Large number of subdirectories/files

We tried to make OpenKM as intuitive as possible, but an advice is always welcome.
Forum rules
Please, before asking something see the documentation wiki or use the search feature of the forum. And remember we don't have a crystal ball or mental readers, so if you post about an issue tell us which OpenKM are you using and also the browser and operating system version. For more info read How to Report Bugs Effectively.
Post Reply
ticl
Fresh Boarder
Fresh Boarder
Posts: 8
Joined: Wed Jan 06, 2010 1:39 pm

Large number of subdirectories/files

Post by ticl » Fri Jan 15, 2010 2:01 pm

I am planning to use OKM for storing large number of files (50mil+) in a bank. I would get roughly 5mil subdirectories under root (one directory for each customer), and an average of 5 files inside each directory (scanned customer files). Can OKM handle such archive? I am worried about the Taxonomy/FolderTree structure. If it tries to load the entire tree on startup, it would surely mess things up. Is it possible to get rid of the Taxonomy panel and create a small "Go to Folder" input box? What file system is recommended for storage? ZFS any good?

jllort
Moderator
Moderator
Posts: 10929
Joined: Fri Dec 21, 2007 11:23 am
Location: Sineu - ( Illes Balears ) - Spain
Contact:

Re: Large number of subdirectories/files

Post by jllort » Sat Jan 16, 2010 9:44 am

Hi,

Number of files is not a problem, 50K files are supported without problems to OpenKM, but you need some minimal hardware requirements, in this case I recomend increase memory to 4GB as minimum.

You've got a problem :) 5k folders on taxonomy in not a problem to internal structure but really it's a problem for browser, here it'll must be done some changes in code to adapt to your needs, really could be simply. Contact with us using contact form and we can talk about the modifications you need ( I think in one week it can be done, but we'll must talk more about your installation ).

Petr_Valenta
Senior Boarder
Senior Boarder
Posts: 47
Joined: Mon Mar 06, 2017 9:10 am

Re: Large number of subdirectories/files

Post by Petr_Valenta » Wed Oct 25, 2017 6:49 am

Hello

We have the same problem. We have folders organized by the first letter of the surname and named A,B, ... and each of sub-folders has its name starting with the surname and followed by the first name and some additional ID.

The pagination has solved the "content" view, but reading on the folder tree takes too much time displaying "Updating folder tree" (approx. 1 minute for 6k of subfolders).

Could you please provide me with some advice?

Thank you very much in advance

Petr Valenta

Server:
VMWare 12 Pro
Memory 16 GB
1 proc - 4 cores
Centos 7 Server
PostgreSQL 9.2.18
OpenKM Community 6.3.4

jllort
Moderator
Moderator
Posts: 10929
Joined: Fri Dec 21, 2007 11:23 am
Location: Sineu - ( Illes Balears ) - Spain
Contact:

Re: Large number of subdirectories/files

Post by jllort » Fri Oct 27, 2017 7:20 am

There's no way for rendering more quickly 6000 folders in the tree. The only solution is not having so much subfolders, basically changing the logic for what you have created the taxonomy, you must distribute these 6000 folders in other additional level ( for good performance should have 100-200 subfolders, 1000 folders is the limit when things are going crearly starting going wrong ).

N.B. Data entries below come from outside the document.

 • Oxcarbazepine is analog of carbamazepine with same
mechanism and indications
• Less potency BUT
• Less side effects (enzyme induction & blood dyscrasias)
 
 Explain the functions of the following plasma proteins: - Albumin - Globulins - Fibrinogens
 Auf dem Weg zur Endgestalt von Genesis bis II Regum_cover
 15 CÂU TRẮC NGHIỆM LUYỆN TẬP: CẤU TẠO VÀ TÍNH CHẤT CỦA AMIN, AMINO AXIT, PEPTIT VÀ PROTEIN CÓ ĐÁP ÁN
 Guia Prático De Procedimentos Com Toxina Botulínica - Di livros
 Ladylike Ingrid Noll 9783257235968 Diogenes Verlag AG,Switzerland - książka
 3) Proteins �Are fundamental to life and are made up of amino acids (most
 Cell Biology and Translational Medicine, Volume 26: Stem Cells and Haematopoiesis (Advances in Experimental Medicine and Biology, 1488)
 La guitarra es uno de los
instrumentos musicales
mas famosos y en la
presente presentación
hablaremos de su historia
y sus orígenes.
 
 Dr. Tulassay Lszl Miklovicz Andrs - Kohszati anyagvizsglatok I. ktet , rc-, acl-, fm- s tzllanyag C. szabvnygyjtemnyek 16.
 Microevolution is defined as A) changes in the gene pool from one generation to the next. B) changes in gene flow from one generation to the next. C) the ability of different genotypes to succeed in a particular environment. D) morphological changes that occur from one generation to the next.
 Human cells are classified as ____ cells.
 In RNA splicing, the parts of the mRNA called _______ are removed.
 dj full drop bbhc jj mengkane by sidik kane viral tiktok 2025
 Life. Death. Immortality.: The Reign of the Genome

The reasons ? well time for retrieving all data ( is not the biggest problem and you could activate database cache etc... ) and browser rendering time ( here there's the big problem what can not be solved from server hardware, increase the performance of desktop computer might help something but usually is not a solution ).

Note: You are using the application in wrong way for solving your problem.

Petr_Valenta
Senior Boarder
Senior Boarder
Posts: 47
Joined: Mon Mar 06, 2017 9:10 am

Re: Large number of subdirectories/files

Post by Petr_Valenta » Mon Oct 30, 2017 7:15 am

Sorry, I cannot accept your note that I am using your application in the wrong way. The client wants to see the first letter of the surname of his clients in the first level, then combination Surname+Firstname in the second level. Please could you give me some advice how to satisfy his requirement in some other way?

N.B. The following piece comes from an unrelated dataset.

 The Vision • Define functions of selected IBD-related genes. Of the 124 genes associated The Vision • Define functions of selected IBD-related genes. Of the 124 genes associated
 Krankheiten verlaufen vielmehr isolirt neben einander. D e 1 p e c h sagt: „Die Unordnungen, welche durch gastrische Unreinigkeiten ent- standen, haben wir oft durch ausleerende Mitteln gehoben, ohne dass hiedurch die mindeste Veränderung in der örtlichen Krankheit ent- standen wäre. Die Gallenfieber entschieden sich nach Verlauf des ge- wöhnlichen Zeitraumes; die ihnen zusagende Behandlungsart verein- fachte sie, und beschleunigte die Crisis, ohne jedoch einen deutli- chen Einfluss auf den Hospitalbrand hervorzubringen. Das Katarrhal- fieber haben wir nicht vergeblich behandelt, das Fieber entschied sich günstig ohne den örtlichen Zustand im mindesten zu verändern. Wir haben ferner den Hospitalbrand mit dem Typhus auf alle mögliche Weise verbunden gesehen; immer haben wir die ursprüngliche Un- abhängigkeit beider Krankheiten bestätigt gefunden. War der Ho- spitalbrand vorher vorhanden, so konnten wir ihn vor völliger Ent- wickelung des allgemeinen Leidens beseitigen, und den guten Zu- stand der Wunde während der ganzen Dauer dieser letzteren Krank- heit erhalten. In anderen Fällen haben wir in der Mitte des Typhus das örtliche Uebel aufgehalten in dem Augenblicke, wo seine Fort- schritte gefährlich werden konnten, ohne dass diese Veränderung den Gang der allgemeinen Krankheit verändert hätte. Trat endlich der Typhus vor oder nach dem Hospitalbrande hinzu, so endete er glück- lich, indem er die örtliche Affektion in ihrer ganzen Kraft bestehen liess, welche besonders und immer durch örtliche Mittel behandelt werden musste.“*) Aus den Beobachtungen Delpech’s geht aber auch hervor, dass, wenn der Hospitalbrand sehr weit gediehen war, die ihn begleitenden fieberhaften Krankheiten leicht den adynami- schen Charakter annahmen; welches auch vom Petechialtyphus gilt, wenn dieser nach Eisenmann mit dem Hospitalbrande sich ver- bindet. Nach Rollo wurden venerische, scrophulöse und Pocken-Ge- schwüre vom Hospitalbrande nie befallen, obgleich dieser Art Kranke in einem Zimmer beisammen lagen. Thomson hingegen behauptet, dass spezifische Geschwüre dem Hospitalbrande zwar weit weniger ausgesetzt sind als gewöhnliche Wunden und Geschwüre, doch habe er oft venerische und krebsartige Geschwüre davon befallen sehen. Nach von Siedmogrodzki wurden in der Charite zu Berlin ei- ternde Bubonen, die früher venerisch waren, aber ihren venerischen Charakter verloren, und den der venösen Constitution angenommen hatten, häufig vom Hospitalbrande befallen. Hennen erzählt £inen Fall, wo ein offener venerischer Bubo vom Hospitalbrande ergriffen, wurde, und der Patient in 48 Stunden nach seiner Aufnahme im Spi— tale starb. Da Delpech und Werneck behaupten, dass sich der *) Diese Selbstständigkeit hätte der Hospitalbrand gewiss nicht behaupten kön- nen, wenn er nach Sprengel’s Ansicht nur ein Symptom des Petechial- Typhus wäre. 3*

Documentum (OpenText now) is solving this by displaying some small number of folders (but not all) and the last node in the folder tree has the label "all xxx folders "(or something like that). After clicking here you have to wait to read all, but only for the first time. When you leave the folder and then return, you are not waiting any more.

I think, this can be solved for example by displaying the first n-rows (n is the number chosen within paging) and then an node "xxx more" (or something like that). And in the right panel display n rows as the content + paging controls. If the user clicks on the last node "xxx more", he will wait to read for all. If he clicks on the Next in paging, simply read more n rows into the folder tree and these n-rows in the content panel. To make it even faster, you can display only previous n folders, the current one in bold (or highlighted in some other way) and then next n folders (so in the every time you will read just 2*n+1 folders).

jllort
Moderator
Moderator
Posts: 10929
Joined: Fri Dec 21, 2007 11:23 am
Location: Sineu - ( Illes Balears ) - Spain
Contact:

Re: Large number of subdirectories/files

Post by jllort » Wed Nov 01, 2017 10:14 am

I can accept without problems what you say about tree perfomance, but now GWT does not provide us an easy solution for solving it. Here we have a technical problem and a restriction on the way the UI should be used.

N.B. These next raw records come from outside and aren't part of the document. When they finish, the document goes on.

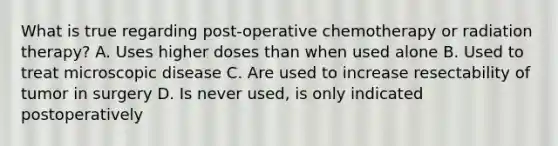 What is true regarding post-operative chemotherapy or radiation therapy? A. Uses higher doses than when used alone B. Used to treat microscopic disease C. Are used to increase resectability of tumor in surgery D. Is never used, is only indicated postoperatively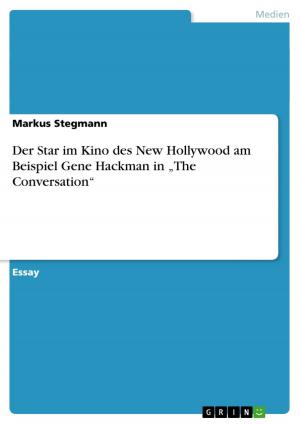 Cover of the book Der Star im Kino des New Hollywood am Beispiel Gene Hackman in 'The Conversation' by Heinz Spranger
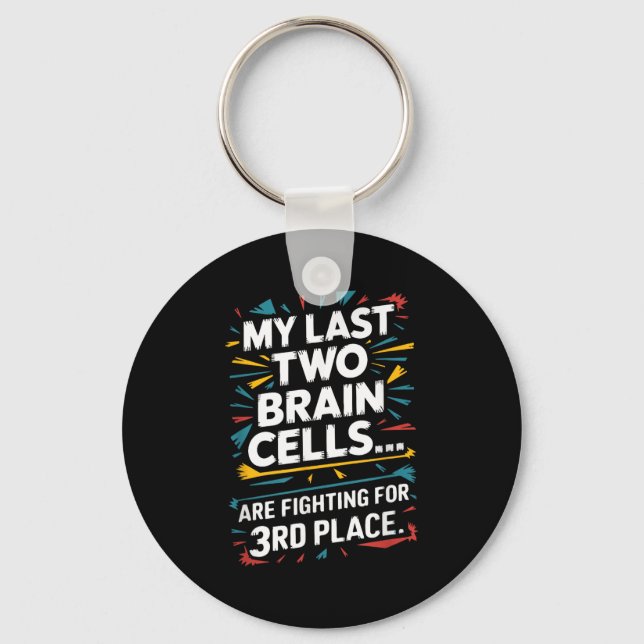 Chaveiro My Last Two Brain Cells Fighting For Third Place F (Frente)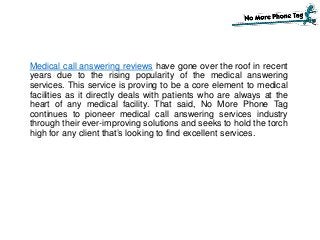 Medical call answering reviews have gone over the roof in recent
years due to the rising popularity of the medical answering
services. This service is proving to be a core element to medical
facilities as it directly deals with patients who are always at the
heart of any medical facility. That said, No More Phone Tag
continues to pioneer medical call answering services industry
through their ever-improving solutions and seeks to hold the torch
high for any client that’s looking to find excellent services.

You can be created a custom UI, it's quite easy and fast working on it with SDK and spring boot sample. From that scenario you will sucess in two points, exact fit of features in your needs and best performance only showing features you need in manner you wish. Really the users need to navigate across the folder structure or might be more easy a simply search with two or three input boxes and then retrieving data. In a huge scenario where OpenKM is used for a very specific data container as you are explaining now, I suggest small cutom UI in combination with automatic catalog feature. User should not know that behind the UI they have the DMS.

The last time I wach on documentum was focused on something more near a search engine view ( filtering and paginating ). But I do not remember a tree navigation in combination with table list ... if you make some screenshot of it, will be welcome, because always we are open to do improvements.

I have reviewed a lot of dms tools, from now I think are two main directions:
1- solutions based on search filtering ( work in cabinet concepts or document type concept ). You choose one cabinet or document type and from there you are able to apply filters what shown a paginated table with results ( here you do not have any kind of tree )
2- solutions based on tree ( taxonomy ), where you are able to navigate from left side, and from right panel you have a table with nodes paginated.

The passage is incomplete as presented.